Being a Pathfinder furnishes many rewards, especially when you lose a path that needs finding. It could happen on a casual Sabbath afternoon stroll up Mount Everest. That’s when I will wish I’d been a Pathfinder at some time in my life. But alas, I can share in the experience only by hearing tales of horror, er, I mean, honors and camporees from actual card-carying, flag-bearing club members.
However, because I am an outside observer, I am in a unique position to help the Pathfinder organization cast a vision for the future. The person in charge of this whole outfit has not actually called for my advice. But I suspect this is because their cell phone froze beyond repair while leading a group of pathetically ill-clad Pathfinders toward the winter camping honor.
First, iPods should be standard issue for all Pathfinders. Podcasts will provide complete step-by-step instructions for essential Pathfinder skills, such as building a weatherproof s’more and creating an underwater breathing apparatus from a Juicy Juice drinking straw. The latter will typically be used at 3:00 in the morning during a weekend campout when the rainwater level in your tent has risen above nostril level.
Second, it’s time for Pathfinders to either go for the all-out combat look or demilitarize completely.
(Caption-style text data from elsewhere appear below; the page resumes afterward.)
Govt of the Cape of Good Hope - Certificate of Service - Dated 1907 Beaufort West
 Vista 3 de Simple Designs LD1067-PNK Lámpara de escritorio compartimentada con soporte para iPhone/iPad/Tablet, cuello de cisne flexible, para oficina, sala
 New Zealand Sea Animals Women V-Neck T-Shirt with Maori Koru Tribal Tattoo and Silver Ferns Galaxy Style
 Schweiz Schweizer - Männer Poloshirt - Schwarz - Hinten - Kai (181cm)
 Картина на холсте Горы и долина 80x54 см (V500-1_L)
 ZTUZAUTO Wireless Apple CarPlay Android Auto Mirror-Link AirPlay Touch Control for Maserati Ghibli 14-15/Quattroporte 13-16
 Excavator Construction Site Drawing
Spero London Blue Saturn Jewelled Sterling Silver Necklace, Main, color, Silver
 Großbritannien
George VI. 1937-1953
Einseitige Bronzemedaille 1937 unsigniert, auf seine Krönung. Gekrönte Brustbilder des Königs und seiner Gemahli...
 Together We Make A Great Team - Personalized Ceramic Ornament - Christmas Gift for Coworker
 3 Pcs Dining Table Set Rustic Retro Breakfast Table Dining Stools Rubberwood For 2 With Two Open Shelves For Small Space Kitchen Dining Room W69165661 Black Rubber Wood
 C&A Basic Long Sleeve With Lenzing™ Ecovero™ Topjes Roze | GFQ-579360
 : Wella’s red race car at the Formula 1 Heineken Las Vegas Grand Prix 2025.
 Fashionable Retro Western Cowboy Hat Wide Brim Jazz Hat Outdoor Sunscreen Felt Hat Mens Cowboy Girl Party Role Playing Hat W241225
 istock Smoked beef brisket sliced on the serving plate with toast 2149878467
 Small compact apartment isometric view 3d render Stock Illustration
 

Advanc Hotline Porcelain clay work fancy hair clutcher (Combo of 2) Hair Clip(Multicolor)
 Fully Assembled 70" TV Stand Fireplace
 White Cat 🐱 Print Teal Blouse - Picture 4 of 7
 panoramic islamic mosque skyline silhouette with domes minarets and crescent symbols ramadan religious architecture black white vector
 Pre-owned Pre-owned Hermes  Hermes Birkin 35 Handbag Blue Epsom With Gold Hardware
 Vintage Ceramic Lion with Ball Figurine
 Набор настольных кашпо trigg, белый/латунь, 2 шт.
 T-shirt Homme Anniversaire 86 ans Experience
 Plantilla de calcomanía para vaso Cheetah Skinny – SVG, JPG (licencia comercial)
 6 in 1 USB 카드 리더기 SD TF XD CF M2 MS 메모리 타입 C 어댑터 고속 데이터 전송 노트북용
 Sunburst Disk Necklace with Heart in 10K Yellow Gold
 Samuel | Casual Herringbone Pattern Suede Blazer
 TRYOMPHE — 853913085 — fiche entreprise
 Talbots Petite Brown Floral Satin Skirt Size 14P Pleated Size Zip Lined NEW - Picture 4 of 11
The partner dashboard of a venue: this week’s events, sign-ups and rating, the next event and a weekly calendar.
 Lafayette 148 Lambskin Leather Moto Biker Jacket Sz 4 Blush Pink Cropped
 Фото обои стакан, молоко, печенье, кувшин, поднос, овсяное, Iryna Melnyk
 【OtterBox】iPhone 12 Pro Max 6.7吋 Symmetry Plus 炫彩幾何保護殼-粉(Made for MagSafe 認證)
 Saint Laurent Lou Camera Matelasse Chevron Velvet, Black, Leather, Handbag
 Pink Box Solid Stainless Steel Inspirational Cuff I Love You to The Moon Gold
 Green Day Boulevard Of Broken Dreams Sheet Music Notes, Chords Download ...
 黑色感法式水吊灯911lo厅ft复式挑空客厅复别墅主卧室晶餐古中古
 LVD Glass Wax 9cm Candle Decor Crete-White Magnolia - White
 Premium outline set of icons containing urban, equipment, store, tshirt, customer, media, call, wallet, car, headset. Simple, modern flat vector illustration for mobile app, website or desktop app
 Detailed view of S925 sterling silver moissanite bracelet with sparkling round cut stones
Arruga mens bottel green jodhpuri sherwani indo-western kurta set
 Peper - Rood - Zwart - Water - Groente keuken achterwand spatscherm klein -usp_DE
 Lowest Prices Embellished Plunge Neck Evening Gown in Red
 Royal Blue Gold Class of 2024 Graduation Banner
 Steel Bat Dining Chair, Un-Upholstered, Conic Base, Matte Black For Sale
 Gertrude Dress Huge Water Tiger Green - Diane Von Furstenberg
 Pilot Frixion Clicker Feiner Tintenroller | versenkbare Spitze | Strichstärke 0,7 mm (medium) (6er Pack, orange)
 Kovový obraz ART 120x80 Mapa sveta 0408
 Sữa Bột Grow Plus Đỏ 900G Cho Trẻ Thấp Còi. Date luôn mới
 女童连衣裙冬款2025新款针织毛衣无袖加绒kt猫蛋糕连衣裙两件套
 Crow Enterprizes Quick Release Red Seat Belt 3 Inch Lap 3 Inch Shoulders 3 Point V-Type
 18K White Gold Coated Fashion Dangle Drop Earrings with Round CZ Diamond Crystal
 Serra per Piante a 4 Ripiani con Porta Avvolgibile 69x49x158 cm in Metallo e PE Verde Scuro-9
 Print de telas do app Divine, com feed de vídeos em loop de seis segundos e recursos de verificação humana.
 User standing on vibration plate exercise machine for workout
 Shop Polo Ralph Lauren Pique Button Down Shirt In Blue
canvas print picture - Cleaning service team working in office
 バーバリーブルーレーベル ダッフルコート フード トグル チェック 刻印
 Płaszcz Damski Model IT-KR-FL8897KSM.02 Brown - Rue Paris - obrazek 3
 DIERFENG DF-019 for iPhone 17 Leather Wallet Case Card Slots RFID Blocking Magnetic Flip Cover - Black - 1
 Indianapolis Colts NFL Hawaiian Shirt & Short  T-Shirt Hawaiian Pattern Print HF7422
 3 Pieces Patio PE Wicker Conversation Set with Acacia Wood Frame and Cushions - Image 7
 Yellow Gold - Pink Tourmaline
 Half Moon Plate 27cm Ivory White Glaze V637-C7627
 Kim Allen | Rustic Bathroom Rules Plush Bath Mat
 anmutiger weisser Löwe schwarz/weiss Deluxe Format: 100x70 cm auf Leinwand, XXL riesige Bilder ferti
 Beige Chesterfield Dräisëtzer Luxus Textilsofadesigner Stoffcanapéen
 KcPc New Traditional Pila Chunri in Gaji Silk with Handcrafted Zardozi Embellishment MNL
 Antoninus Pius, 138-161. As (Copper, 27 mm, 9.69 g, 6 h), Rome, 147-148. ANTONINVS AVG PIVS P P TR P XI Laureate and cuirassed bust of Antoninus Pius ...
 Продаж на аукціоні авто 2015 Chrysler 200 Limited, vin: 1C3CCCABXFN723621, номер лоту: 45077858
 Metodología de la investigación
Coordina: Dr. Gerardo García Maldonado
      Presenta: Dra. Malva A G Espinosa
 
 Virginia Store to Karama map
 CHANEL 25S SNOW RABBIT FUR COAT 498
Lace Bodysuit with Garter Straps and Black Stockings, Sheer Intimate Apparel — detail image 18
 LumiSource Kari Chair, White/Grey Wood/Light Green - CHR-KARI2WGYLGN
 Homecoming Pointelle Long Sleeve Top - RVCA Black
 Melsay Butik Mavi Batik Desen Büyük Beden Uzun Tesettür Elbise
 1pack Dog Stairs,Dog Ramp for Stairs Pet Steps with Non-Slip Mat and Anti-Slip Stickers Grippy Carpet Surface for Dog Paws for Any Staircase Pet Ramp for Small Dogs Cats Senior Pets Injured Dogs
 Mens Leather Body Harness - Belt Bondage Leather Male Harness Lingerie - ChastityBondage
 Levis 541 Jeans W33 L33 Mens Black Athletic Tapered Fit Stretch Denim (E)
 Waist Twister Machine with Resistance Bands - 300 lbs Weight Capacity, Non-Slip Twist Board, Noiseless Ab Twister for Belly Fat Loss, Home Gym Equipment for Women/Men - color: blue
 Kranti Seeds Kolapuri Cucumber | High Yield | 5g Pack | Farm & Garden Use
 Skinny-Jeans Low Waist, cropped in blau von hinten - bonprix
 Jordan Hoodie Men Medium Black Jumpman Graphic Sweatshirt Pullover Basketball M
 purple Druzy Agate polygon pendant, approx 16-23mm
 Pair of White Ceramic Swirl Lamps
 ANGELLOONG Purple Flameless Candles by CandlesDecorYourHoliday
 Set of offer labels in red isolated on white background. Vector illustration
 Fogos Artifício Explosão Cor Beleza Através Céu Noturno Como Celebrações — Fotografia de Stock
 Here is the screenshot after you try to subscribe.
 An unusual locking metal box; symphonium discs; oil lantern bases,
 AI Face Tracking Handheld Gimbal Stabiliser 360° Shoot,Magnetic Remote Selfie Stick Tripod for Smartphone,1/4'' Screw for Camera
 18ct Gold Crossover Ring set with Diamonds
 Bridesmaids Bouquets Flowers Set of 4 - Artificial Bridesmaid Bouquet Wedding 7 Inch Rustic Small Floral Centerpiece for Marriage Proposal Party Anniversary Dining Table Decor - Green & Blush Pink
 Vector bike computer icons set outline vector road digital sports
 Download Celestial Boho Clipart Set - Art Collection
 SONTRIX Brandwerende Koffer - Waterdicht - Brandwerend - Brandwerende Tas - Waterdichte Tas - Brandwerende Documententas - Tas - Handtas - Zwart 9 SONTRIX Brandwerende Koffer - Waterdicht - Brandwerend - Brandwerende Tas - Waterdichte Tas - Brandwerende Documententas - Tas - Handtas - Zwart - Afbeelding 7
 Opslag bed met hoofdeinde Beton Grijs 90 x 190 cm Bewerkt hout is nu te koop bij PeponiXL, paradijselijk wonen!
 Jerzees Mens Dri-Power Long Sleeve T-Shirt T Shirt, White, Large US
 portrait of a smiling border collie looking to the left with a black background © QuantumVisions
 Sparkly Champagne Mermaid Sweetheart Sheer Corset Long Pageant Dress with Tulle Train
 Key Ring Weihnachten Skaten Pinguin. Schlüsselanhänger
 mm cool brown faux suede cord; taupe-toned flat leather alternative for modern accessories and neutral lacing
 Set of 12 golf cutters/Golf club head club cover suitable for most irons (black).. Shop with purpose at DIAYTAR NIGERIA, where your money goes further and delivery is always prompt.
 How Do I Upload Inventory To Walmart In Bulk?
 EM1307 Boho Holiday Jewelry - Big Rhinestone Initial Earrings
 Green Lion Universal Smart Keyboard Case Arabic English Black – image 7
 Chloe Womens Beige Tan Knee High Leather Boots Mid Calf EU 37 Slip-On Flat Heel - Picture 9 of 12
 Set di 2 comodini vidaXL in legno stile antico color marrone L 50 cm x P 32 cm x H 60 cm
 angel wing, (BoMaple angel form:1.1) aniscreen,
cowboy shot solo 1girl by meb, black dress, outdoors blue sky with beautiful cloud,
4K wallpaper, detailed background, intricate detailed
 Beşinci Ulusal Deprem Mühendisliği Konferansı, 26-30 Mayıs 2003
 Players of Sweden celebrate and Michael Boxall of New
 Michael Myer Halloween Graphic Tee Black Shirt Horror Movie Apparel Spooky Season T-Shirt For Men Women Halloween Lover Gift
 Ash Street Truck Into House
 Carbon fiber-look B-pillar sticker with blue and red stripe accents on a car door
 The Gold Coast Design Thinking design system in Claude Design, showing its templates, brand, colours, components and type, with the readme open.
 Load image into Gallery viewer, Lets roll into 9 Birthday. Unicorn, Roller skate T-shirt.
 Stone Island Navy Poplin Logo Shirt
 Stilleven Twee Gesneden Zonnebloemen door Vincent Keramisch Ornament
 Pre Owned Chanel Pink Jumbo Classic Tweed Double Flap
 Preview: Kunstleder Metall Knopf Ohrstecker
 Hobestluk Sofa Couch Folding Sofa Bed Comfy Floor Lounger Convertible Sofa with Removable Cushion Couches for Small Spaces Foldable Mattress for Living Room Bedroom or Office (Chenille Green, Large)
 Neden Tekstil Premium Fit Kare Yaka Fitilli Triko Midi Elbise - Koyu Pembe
The current uniform is too confusing. (“Look over there, Marge! The 101st Airborne Division is going door-to-door! No, wait—my mistake. Those must be workers from LeRoy’s Supermarket. Look at all the canned goods they have in those bags!”)
Army surplus T-shirts and camo fatigues might be a fitting option. Machine gun ammo may be replaced with Loma Linda Saucettes, although bazooka cartridge belts may require institutional-size logs of Worthington Bolono.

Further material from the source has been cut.